• **YOUR GOAL**: Please write out only the lines from the line with "Hotpoint Dishwasher White" to the line with "Radford North, VA FSTopo Preview 2", inclusive, exactly as they stand below, without the pictures.

• **THE DATA**:
= = =
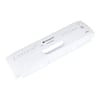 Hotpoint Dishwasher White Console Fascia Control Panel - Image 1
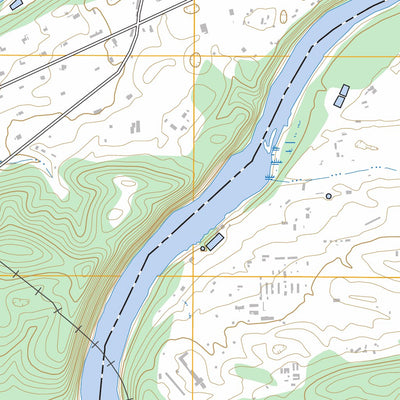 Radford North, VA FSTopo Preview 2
= = =
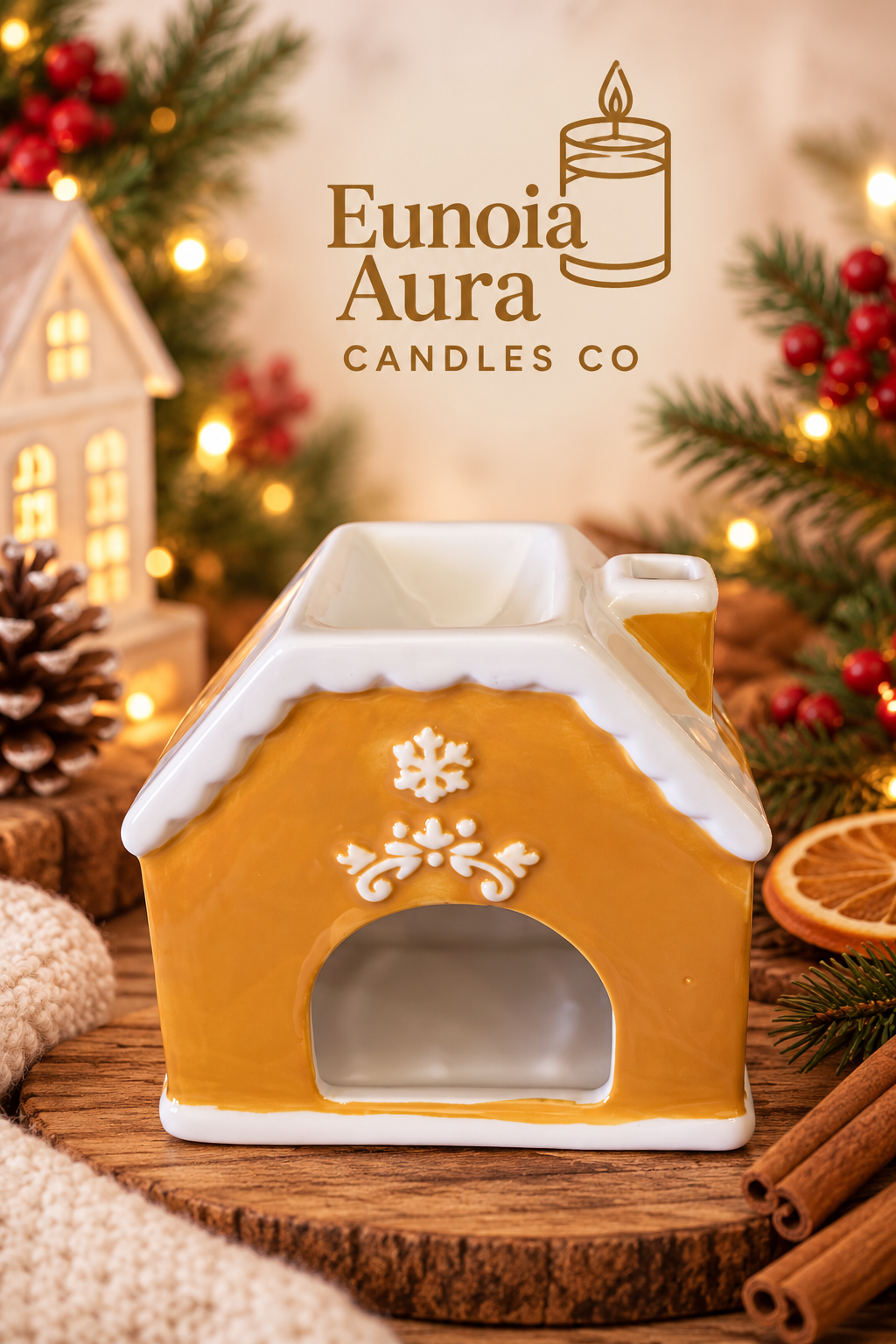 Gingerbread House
= = =
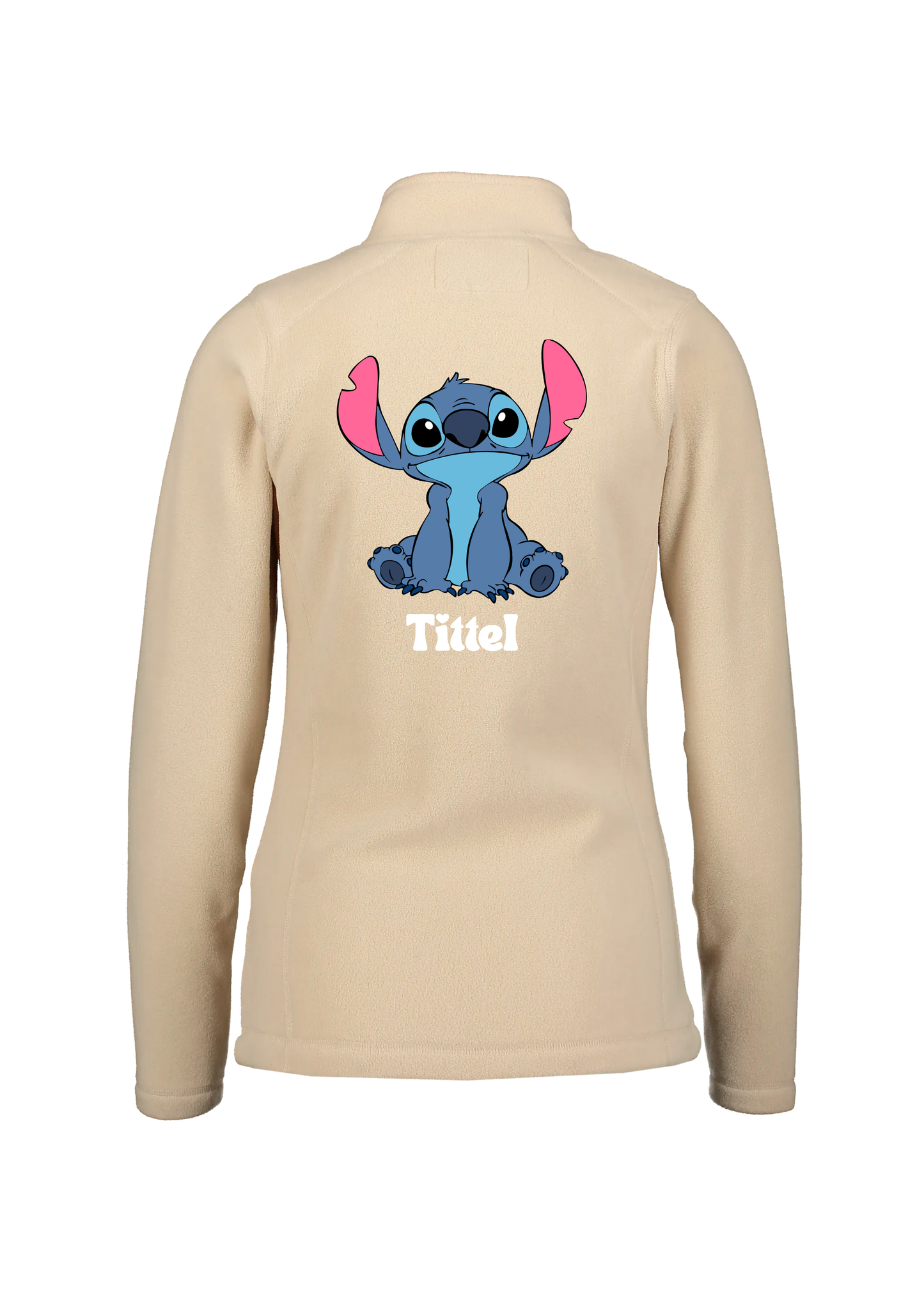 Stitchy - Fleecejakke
= = =
• **WRITTEN RESPONSE**:
 Hotpoint Dishwasher White Console Fascia Control Panel - Image 1
 Radford North, VA FSTopo Preview 2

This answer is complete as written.